With the Notification No. 01/2022- Central Tax dated 24/02/2022 the turnover limit is further reduced to Rs. 20.00 Crores to cover a large number of taxpayers within the ambit of E-INVOICE under GST.
The essence of GST is to remove the cascading effect of tax and to pass on the GST credit at each stage. With these benefit there come certain repercussions and is violated by the issue of fake invoice and to claim the input tax credit. In order to curb the fake invoice tax racket and a way forward towards digital India and to interlink all the GST platforms an e-invoice platform is made ready to go from 01/04/2022.
E-Invoice :- Electronic Invoice to be generated by uploading the specified particulars of invoice in the Form GST INV-01 on invoice registration portal and obtain an IRN (Invoice Reference Number) along with QR Code.
1. All the GST Registered person having aggregate t/o of more than Rs. 20.00 crores in any of the financial year form 2017 till 2022. ( The t/o from 01/07/2017 shall be considered for the f/y 2017-18)
2. All the sales made to GST registered party i.e. B2B Sales, export (with or without payment of tax), supply to SEZ Units (with or without payment of tax), deemed export and sales made to the distinct person having a different GST registration number under common PAN .
3. Aggregate t/o for reckoning the limit of Rs. 20.00 crore :-
As per Section 2(6) of the CGST Act: “aggregate turnover” means the aggregate value of all taxable supplies (excluding the value of inward supplies on which tax is payable by a person on reverse charge basis), exempt supplies, exports of goods or services or both and inter-State supplies of persons having the same Permanent Account Number, to be computed on all India basis but excludes central tax, State tax, Union territory tax, integrated tax and cess.
E-invoice is required to be generated for all the invoices, debit notes and credit notes issued.
Commercial and financial credit notes are not covered under e-invoice.
# Entity wise Exemption (Entity who are not required to generate e-invoice)
1. NON-GST party.
2. Banks/ Financial Institutions/ NBFCs.
3. Insurance Company.
4. GTA (Goods Transporting Agency).
5. Supplier of passenger transportation services
6. Supplier of services by way of admission to the exhibition of cinematograph films in multiplex screens.

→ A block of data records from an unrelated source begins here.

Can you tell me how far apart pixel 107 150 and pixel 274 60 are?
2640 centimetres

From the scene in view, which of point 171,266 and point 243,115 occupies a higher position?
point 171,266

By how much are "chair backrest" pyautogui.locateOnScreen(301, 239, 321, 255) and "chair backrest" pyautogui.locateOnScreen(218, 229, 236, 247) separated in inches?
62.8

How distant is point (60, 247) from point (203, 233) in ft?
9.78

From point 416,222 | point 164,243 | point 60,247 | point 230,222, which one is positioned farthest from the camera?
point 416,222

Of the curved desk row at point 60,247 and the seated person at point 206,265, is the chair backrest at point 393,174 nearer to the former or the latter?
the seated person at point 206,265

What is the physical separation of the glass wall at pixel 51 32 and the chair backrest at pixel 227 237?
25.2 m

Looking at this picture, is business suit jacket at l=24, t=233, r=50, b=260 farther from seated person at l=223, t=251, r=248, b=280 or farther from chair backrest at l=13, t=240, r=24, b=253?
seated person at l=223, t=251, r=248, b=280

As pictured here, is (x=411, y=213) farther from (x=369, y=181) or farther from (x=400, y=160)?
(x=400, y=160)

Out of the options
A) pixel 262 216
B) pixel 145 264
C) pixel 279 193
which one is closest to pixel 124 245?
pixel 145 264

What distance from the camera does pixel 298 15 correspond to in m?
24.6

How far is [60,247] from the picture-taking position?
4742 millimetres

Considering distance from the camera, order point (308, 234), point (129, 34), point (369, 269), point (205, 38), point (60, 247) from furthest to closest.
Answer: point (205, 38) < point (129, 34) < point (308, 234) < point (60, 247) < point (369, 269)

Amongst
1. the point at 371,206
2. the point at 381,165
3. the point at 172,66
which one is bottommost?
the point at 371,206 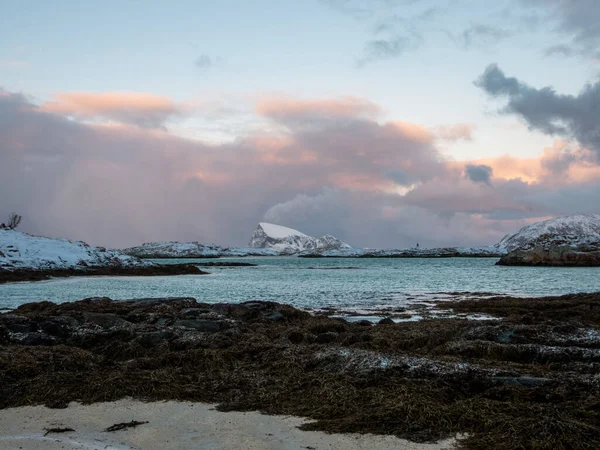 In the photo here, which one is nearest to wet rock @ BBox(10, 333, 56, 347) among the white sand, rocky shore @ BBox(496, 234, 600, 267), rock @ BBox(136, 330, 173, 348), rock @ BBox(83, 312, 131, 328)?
rock @ BBox(83, 312, 131, 328)

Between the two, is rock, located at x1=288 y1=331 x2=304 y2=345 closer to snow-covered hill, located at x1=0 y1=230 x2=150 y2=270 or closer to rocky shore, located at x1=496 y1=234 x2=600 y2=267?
snow-covered hill, located at x1=0 y1=230 x2=150 y2=270

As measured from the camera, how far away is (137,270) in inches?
2547

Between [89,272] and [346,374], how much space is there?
5610cm

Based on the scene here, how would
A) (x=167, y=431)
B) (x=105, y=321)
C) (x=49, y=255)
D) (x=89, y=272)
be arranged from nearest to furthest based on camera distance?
(x=167, y=431), (x=105, y=321), (x=49, y=255), (x=89, y=272)

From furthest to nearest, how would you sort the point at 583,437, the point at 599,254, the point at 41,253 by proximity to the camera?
the point at 599,254 → the point at 41,253 → the point at 583,437

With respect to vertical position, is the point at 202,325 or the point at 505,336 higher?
the point at 505,336

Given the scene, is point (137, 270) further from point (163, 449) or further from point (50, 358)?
point (163, 449)

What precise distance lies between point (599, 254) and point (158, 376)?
107 m

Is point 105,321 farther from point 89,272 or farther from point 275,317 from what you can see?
point 89,272

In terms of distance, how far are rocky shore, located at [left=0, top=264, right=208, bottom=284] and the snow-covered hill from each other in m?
1.02

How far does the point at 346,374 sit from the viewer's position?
306 inches

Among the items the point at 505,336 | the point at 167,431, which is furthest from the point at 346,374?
the point at 505,336

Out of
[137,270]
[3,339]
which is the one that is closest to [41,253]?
[137,270]

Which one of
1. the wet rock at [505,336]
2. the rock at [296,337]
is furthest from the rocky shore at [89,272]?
the wet rock at [505,336] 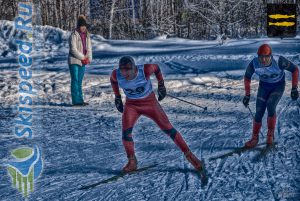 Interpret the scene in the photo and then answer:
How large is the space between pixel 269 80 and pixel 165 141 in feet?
6.60

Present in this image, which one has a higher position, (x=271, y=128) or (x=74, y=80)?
(x=74, y=80)

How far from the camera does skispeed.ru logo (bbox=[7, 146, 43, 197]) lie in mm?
5679

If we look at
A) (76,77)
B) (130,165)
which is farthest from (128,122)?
(76,77)

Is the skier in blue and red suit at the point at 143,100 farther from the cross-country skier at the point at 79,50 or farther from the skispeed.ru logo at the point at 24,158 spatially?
the cross-country skier at the point at 79,50

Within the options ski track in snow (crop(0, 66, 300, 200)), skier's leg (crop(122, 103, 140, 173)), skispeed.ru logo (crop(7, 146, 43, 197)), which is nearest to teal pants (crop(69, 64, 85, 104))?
ski track in snow (crop(0, 66, 300, 200))

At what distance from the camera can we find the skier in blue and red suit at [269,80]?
634 centimetres

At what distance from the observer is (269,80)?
656cm

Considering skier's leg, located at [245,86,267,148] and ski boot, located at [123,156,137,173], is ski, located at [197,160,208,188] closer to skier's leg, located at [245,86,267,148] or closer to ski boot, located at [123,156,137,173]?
ski boot, located at [123,156,137,173]

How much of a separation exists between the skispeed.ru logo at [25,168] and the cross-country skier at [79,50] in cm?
272

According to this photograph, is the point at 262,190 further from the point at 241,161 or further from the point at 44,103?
the point at 44,103

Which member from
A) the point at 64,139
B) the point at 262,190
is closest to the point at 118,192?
the point at 262,190

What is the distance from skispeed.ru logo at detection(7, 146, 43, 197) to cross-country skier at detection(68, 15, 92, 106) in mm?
2722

# Transaction wise Exemption
1. B2C Invoice (Invoice issued to end consumers).
2. Nil rated / Exempted Supply
With an Introduction of E invoicing government has a plan to achieve a seamless flow of Input Tax Credit and to curb the fake invoice tax bracket. With E invoicing real-time posting of ITC in receivers GSTR 2A and posting of forward invoice in GSTR 1 of supplier will be automated. Which is another positive move towards generation of automated GST returns.
Moreover, the Part- A of E-way bill will also be auto populated, wherever required.
Thus, with the introduction of e-invoicing there is a greater transparency in every sphere of business moving towards the aim of digital India.
Disclaimer: The contents of this article are for information purposes only and does not constitute advice or a legal opinion and are personal views of the author. Readers are requested to check and refer to relevant provisions of statute, latest judicial pronouncements, circulars, clarifications etc before acting on the basis of the above write up.